I think it's worthwhile thinking long and hard whether there might be more tailored features that address the usage patterns that we want to enable with unsized return values. For example, cloning trait objects might also be achieved by extending box.

hanna-kruppe avatar Aug 28 '18 14:08 hanna-kruppe

@rkruppe If we can manage to "pass" unsized values down the stack without actually copying them, I don't think the stack usage should actually increase from what you would need to e.g. call Box::new.

For example, cloning trait objects might also be achieved by extending box.

Sure, but, AFAIK, all ideas, until now, for "emplace" / boxing, seemed to involve generics, whereas my scheme operates at the ABI level and requires making no assumptions about the unsized type. (e.g. @nikomatsakis' previous ideas relied on the fact that Clone::clone returns Self, therefore, you can get the size/alignment from its self value, and allocate the destination before calling it)

eddyb avatar Aug 29 '18 01:08 eddyb

@rkruppe If we can manage to "pass" unsized values down the stack without actually copying them, I don't think the stack usage should actually increase from what you would need to e.g. call Box::new.

The stack size increase is not from the unsized value but from the rest of the stack frame of the unsized-value-returning function. For example,

fn new() -> dyn Debug {
    let _buf1 = [0u8; 1 << 10]; // this remains allocated "after returning" ...
    "hello world" // ... because here we actually call take()
}
fn take(arg: dyn Debug) {
    let _buf2 = [0u8; 1 << 10];
    println!("{:?}", arg);
}
fn foo() {
    take(new()); // 2 KB peak stack usage, not 1 KB
}

(And we can't do tail call optimization because new is passing a pointer to its stack frame to the continuation, so its stack frame needs to be preserved until after the call.)

hanna-kruppe avatar Aug 29 '18 11:08 hanna-kruppe

@rkruppe I assume you meant take instead of arg? ~~However, I think you need to take into account that _buf1 is not live when the the function returns, and continuation get called. At that point, only a copy of "hello world" should be left on the stack.~~

~~In other words, your new function is entirely equivalent to this:~~

fn new() -> dyn Debug {
    let return_value: dyn Debug = {
        let _buf1 = [0u8; 1 << 10];
        "hello world"
    };
    return_value
}

EDIT: @rkruppe clarified below.

eddyb avatar Sep 08 '18 12:09 eddyb

We discussed on IRC, for the record: LLVM does not shrink the stack frame (by adjusting the stack pointer), not ever for static allocs and only on explicit request (stacksave/stackrestore intrinsics) for dynamic allocas.

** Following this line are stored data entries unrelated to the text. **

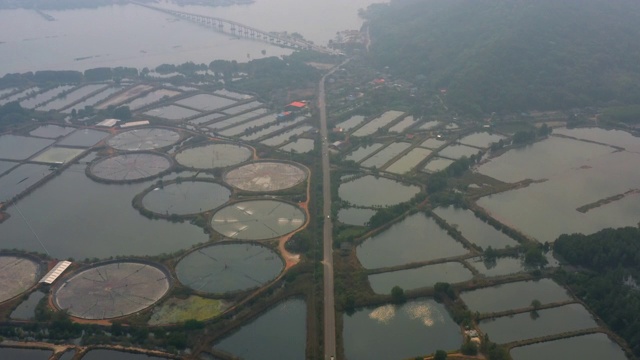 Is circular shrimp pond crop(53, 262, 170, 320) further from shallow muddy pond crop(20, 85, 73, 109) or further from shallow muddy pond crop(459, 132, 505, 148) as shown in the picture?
shallow muddy pond crop(20, 85, 73, 109)

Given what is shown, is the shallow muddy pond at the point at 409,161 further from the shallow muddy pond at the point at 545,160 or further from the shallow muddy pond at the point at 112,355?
the shallow muddy pond at the point at 112,355

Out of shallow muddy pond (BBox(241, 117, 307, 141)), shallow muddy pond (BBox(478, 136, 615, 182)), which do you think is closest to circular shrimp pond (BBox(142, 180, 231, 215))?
shallow muddy pond (BBox(241, 117, 307, 141))

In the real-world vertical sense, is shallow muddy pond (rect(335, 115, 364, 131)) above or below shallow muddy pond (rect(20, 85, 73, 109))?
above

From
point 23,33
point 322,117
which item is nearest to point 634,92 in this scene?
point 322,117

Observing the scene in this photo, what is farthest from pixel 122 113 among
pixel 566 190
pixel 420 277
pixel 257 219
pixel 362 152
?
pixel 566 190

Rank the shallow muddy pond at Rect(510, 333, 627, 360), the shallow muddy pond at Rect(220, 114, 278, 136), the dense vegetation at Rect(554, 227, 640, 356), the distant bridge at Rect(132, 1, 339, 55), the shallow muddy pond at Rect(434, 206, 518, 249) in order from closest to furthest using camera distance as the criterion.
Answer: the shallow muddy pond at Rect(510, 333, 627, 360), the dense vegetation at Rect(554, 227, 640, 356), the shallow muddy pond at Rect(434, 206, 518, 249), the shallow muddy pond at Rect(220, 114, 278, 136), the distant bridge at Rect(132, 1, 339, 55)

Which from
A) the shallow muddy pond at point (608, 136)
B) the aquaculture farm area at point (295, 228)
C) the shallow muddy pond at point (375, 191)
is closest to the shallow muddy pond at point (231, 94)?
the aquaculture farm area at point (295, 228) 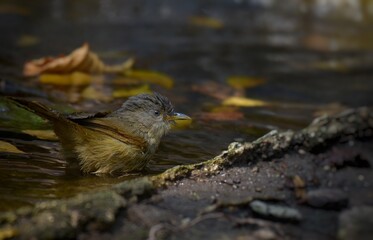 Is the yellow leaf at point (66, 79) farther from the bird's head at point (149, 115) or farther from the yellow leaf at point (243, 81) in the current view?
the bird's head at point (149, 115)

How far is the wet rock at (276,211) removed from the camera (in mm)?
3061

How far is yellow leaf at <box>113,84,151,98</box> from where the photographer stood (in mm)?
6695

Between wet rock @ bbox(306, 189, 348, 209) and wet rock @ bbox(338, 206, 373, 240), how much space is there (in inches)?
6.3

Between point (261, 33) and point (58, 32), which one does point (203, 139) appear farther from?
point (261, 33)

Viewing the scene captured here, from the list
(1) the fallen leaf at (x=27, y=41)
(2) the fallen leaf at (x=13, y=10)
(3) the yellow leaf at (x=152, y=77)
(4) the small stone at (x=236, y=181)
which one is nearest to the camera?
(4) the small stone at (x=236, y=181)

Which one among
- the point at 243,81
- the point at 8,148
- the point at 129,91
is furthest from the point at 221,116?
the point at 8,148

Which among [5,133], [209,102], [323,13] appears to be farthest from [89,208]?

hanna-kruppe avatar Sep 08 '18 21:09 hanna-kruppe

@eddyb would you help me with design decision? For by-value trait object safety, I need to insert shims to force the receiver to be passed by reference in the ABI. For example, for

trait Foo {
    fn foo(self);
}

to be object safe, <Foo as Foo>::foo should be able to call <T as Foo>::foo without knowing T. However, concrete <T as Foo>::foos may receive self directly, making it difficult to call the method without knowledge of T. Therefore we need a shim of <T as Foo>::foo that always receives self indirectly.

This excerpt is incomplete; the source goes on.